• Work instruction
Output every record word for word, minus the pictures.

Items from a data source:
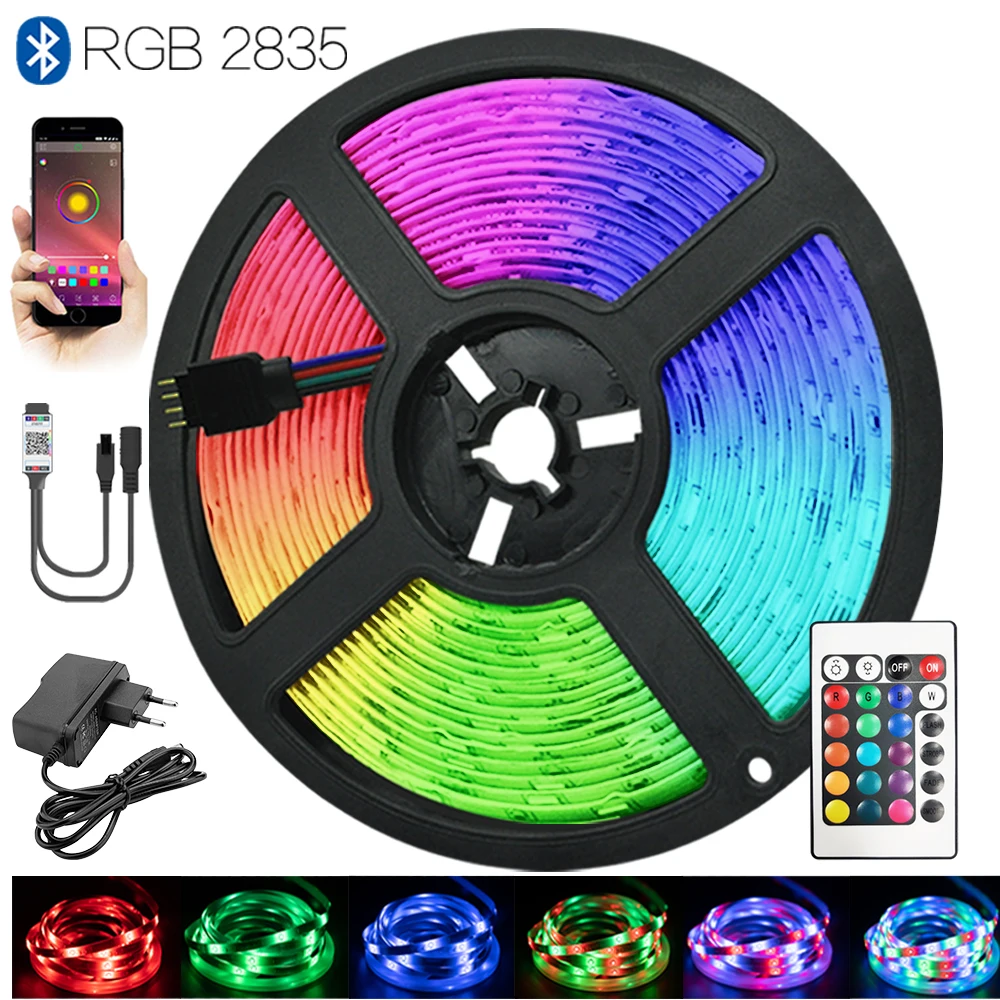 Kitchen Bedroom TV Iuces LED Strip Bluetooth Smart Control RGB 2835 12V 16.4 ft (5M) EU Plug Waterproof DIY Flexible Lamp Tape
Kitchen Bedroom TV Iuces LED Strip Bluetooth Smart Control RGB 2835 12V 16.4 ft (5M) EU Plug Waterproof DIY Flexible Lamp Tape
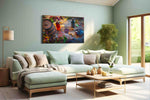 Vineyard Symphony II wine canvas print, hanging on wall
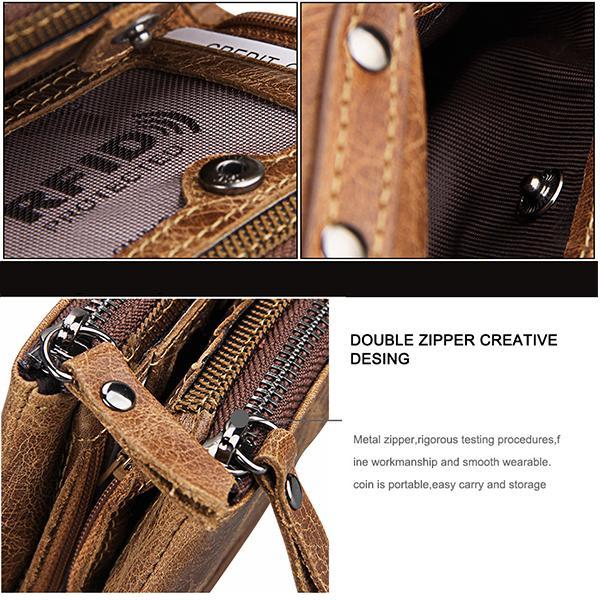 Men’s Genuine Leather RFID Wallet – Multi - Card & Coin Pockets, Zipper & Buckle Closure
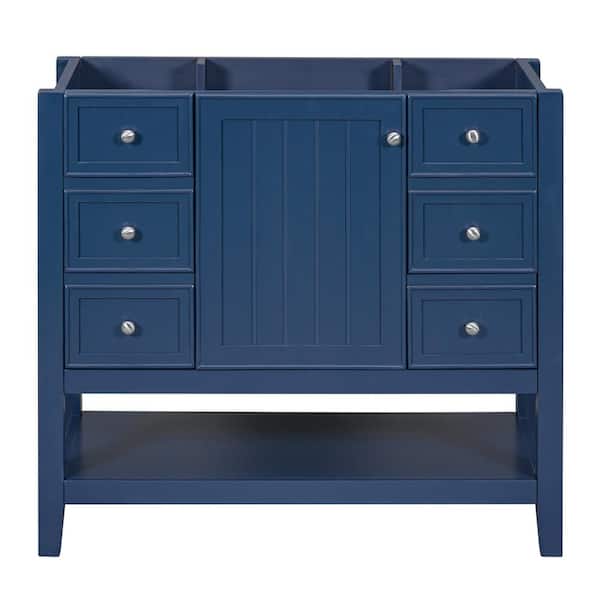 Aoibox 18 in. W x 35.5 in. D x 32.9 in. H Bath Vanity Cabinet without Top in Blue Cabinet Base Only three Drawers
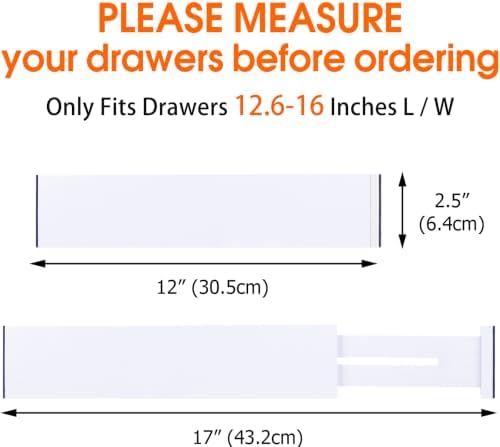 Bamboo Drawer Dividers, Adjustable Drawer Organizers, Fits 12.6–16" Drawers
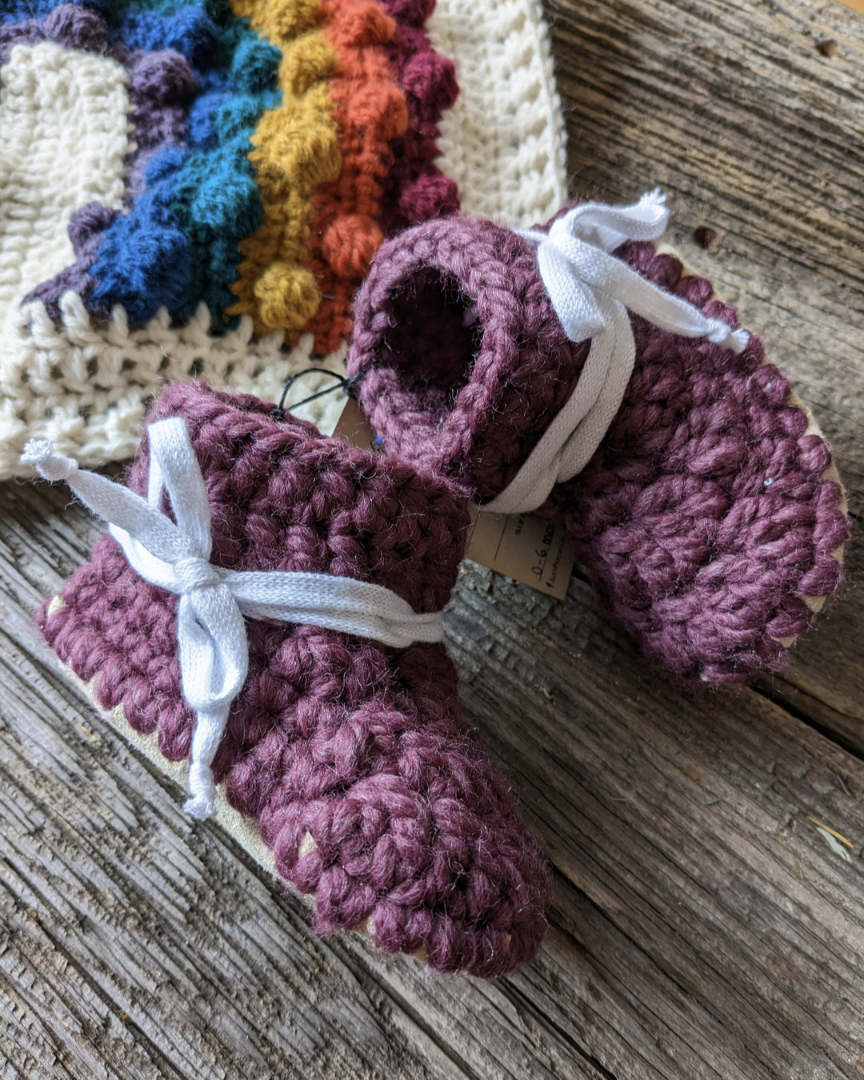 Suede Bottom Baby Booties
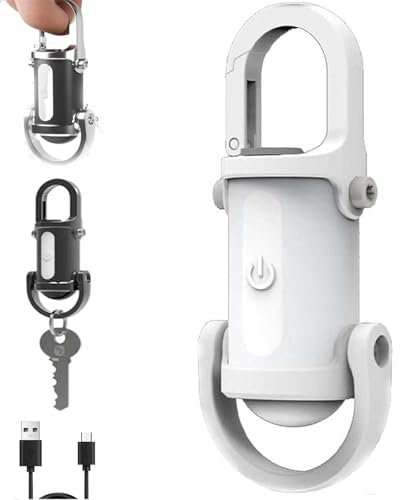 Zumylea 1200LM Super Bright Mini Keychain Flashlight Waterproof, Rechargeable LED Keychain Torch, 2 in 1 Flashlight and Power Bank for Hiking, Camping (White)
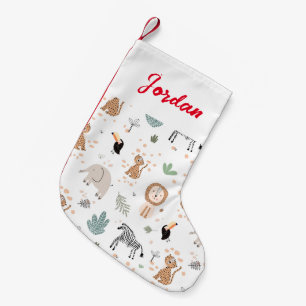 Cute Jungle Rainforest Animals Pattern Small Christmas Stocking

• Result of the task
 Kitchen Bedroom TV Iuces LED Strip Bluetooth Smart Control RGB 2835 12V 16.4 ft (5M) EU Plug Waterproof DIY Flexible Lamp Tape
Kitchen Bedroom TV Iuces LED Strip Bluetooth Smart Control RGB 2835 12V 16.4 ft (5M) EU Plug Waterproof DIY Flexible Lamp Tape
 Vineyard Symphony II wine canvas print, hanging on wall
 Men’s Genuine Leather RFID Wallet – Multi - Card & Coin Pockets, Zipper & Buckle Closure
 Aoibox 18 in. W x 35.5 in. D x 32.9 in. H Bath Vanity Cabinet without Top in Blue Cabinet Base Only three Drawers
 Bamboo Drawer Dividers, Adjustable Drawer Organizers, Fits 12.6–16" Drawers
 Suede Bottom Baby Booties
 Zumylea 1200LM Super Bright Mini Keychain Flashlight Waterproof, Rechargeable LED Keychain Torch, 2 in 1 Flashlight and Power Bank for Hiking, Camping (White)
 Cute Jungle Rainforest Animals Pattern Small Christmas Stocking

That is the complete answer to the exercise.